* [Aim of the task]:
For the entries below, copy exactly the line that contains "Visual Guide to" through the line that contains "Champion - Universal Hernia Support White", both ends included, and exclude all pictures.
-- Material supplied follows --
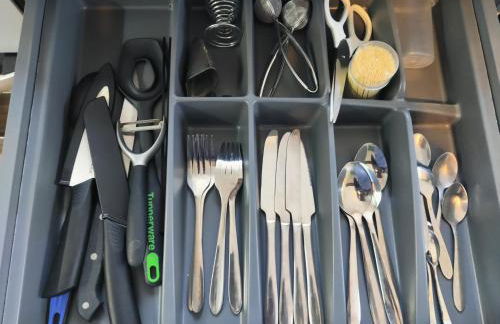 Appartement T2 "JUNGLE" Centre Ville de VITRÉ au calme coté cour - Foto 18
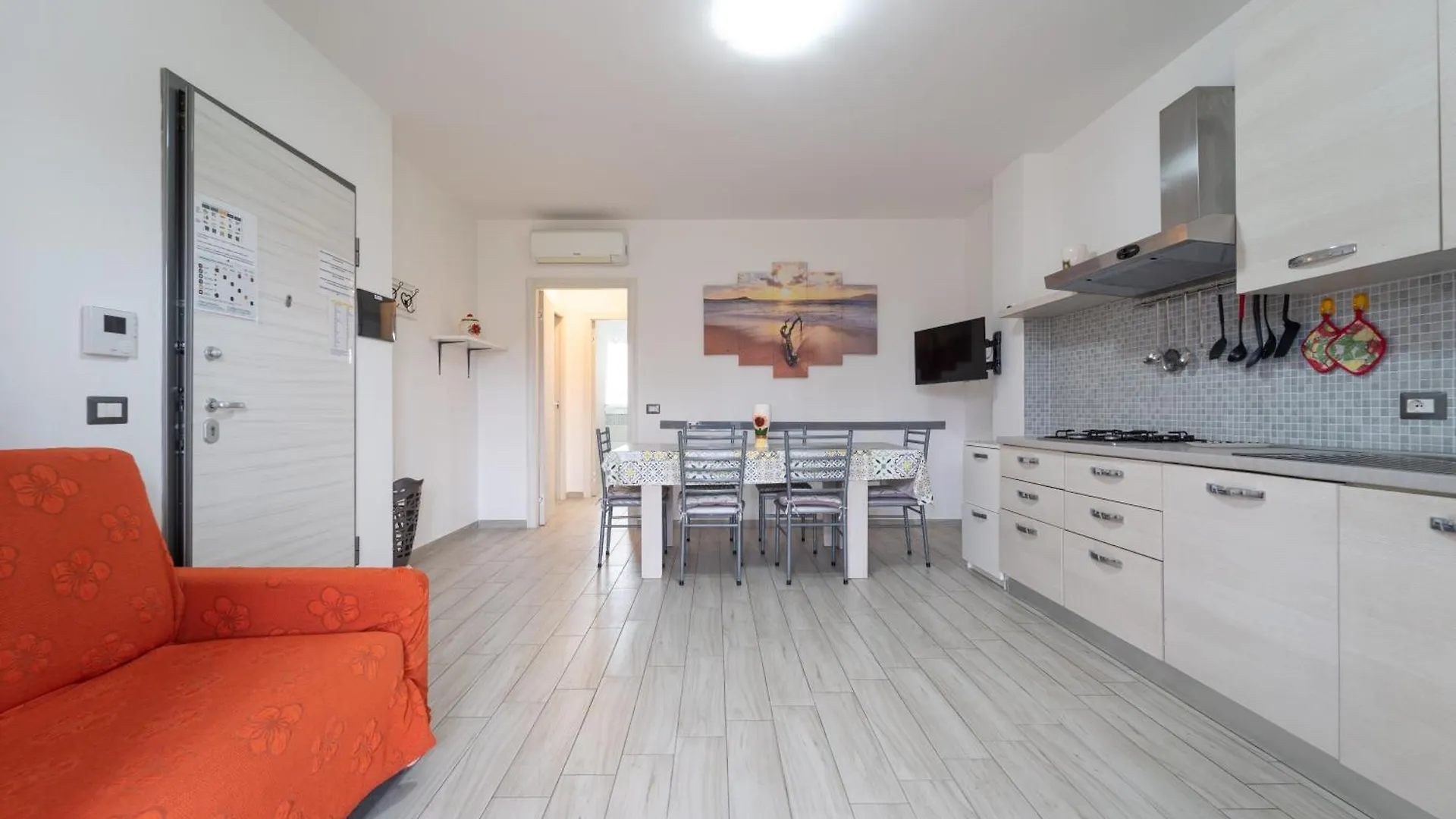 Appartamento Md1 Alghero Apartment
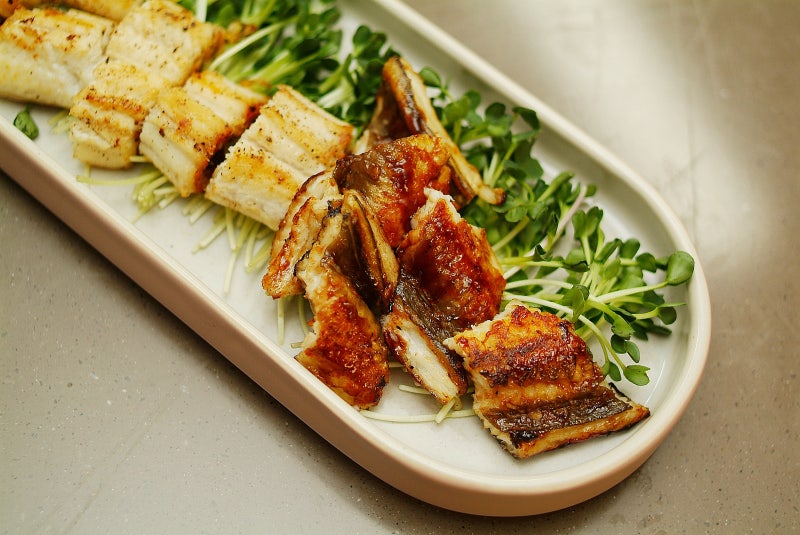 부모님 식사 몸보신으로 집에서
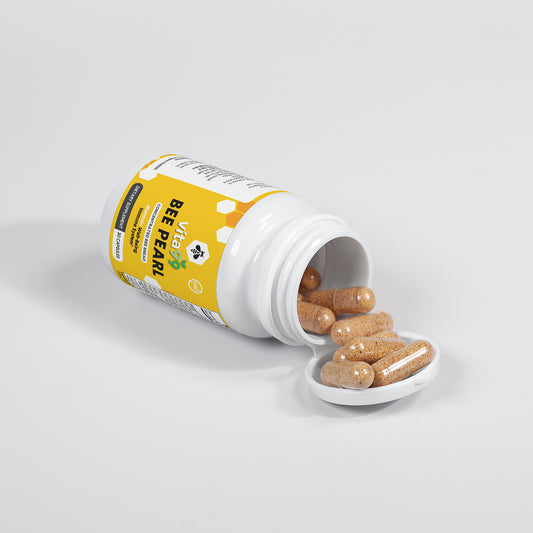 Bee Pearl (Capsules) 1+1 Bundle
-- Material supplied concluded --
-- Material supplied follows --
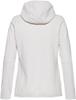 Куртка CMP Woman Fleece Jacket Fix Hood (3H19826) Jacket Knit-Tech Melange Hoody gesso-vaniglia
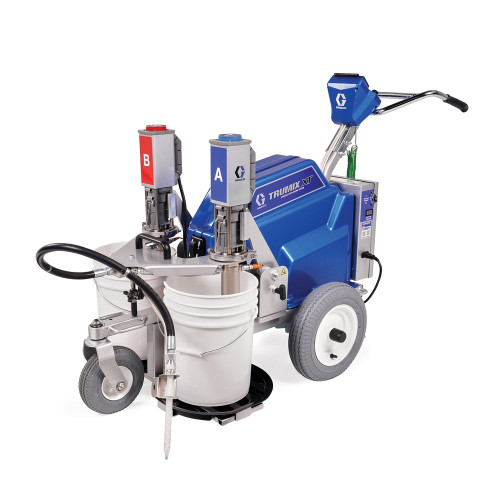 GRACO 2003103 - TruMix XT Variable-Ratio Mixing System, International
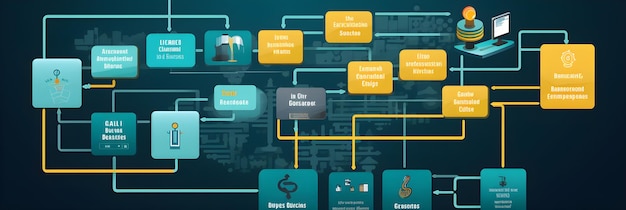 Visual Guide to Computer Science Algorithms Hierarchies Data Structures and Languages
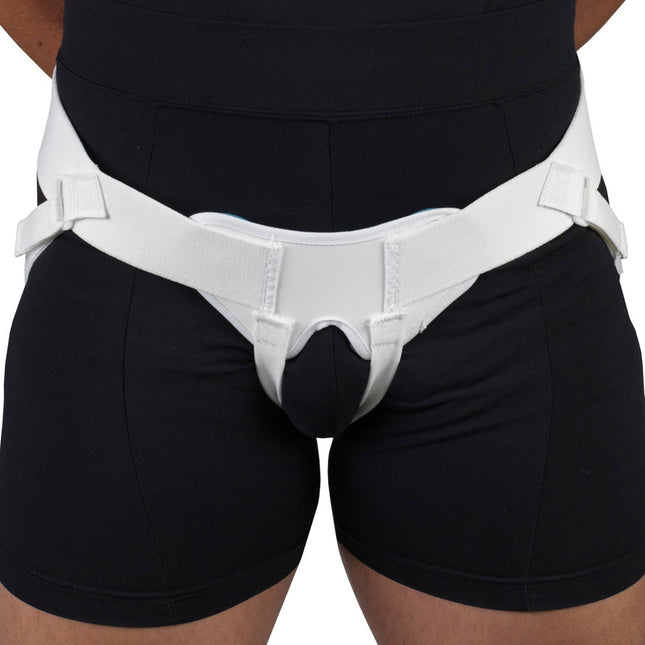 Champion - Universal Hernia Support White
-- Material supplied concluded --
-- Material supplied follows --
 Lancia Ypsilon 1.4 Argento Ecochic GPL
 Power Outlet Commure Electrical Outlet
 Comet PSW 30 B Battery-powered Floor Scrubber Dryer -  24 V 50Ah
-- Material supplied concluded --
* [Response area]:
 Visual Guide to Computer Science Algorithms Hierarchies Data Structures and Languages
 Champion - Universal Hernia Support White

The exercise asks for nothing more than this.